De roodborsten die wij nu in onze tuin zien zijn vanuit Scandinavië afgezakt naar ons minder koude landje. En de roodborsten die hier in de zomer leven zijn verder naar het zuiden getrokken. Een hele volksverhuizing dus.

Veel mensen vinden de roodborst een aansprekend vogeltje. Hij laat zich gemakkelijk observeren, staat parmantig hoog op zijn pootjes en heeft een prachtige roestbruine borst waarmee hij alle andere roodborsten de tent uit jaagt met een energie die er van af spat: “Deze tuin is van mij! Opzouten roodborsten, koolmezen, pimpelmezen en ander geteisem!”

De roodborst eet vooral insecten, maar in de winter kunnen we dit tekort aanvullen met een zadenmix waar hij graag gebruik van maakt.
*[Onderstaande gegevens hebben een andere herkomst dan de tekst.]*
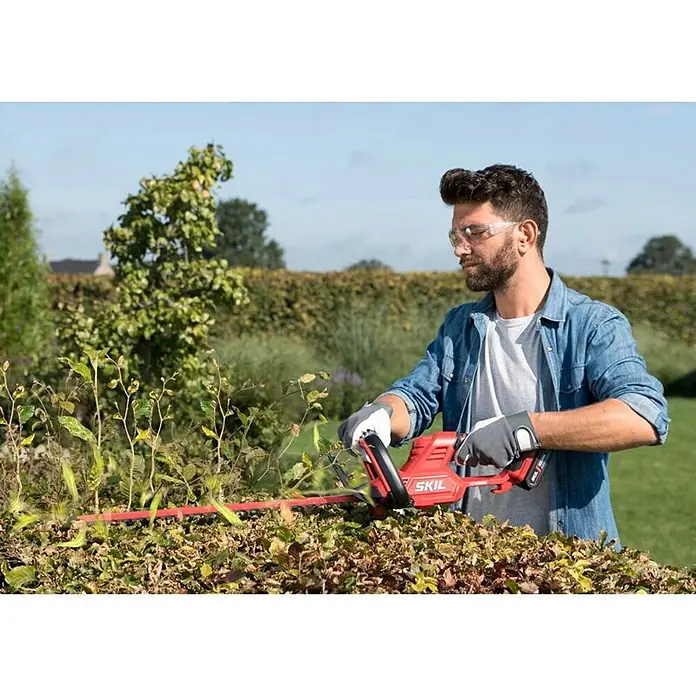 Skil Akumulatorske škare za živicu 0430 - 18 V, Dužina mača: 55 cm - Proizvod u upotrebi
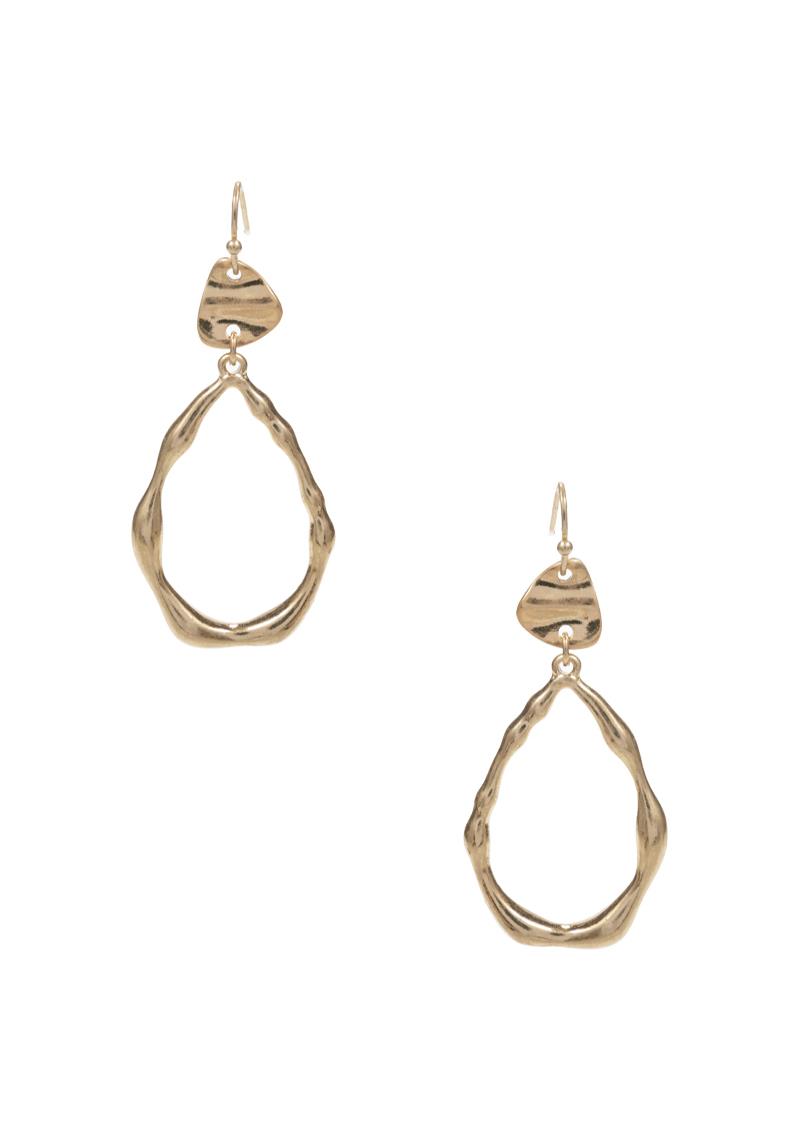 METAL CRUSHED TEARDROP DANGLE EARRING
Ook probeert hij van de vetbollen te snoepen, maar met zijn hulpeloze gefladder is hij een onhandige stumper vergeleken bij de acrobatiek van de mezen.

Ik heb al een paar jaar een grappige vangtechniek van insecten door de roodborst gezien. Hij fladdert dan tegen het raam aan en jaagt op die manier de nog aanwezige muggen in het nauw. Zou daar soms het liedje ” ’t Roodborstje tikt tegen het raam” vandaan komen? Ik zing dat liedje graag met mijn cliënten met dementie om daarna te vragen over de tuin die zij vroeger hadden. Vaak komen er levendige herinneringen naar boven over allerlei bloemen, kleuren, geuren en vogels die men in de tuin zag. De ogen gaan glimmen alsof men het allemaal weer voor zich ziet. De tuin heeft voor hen voelbaar veel betekend.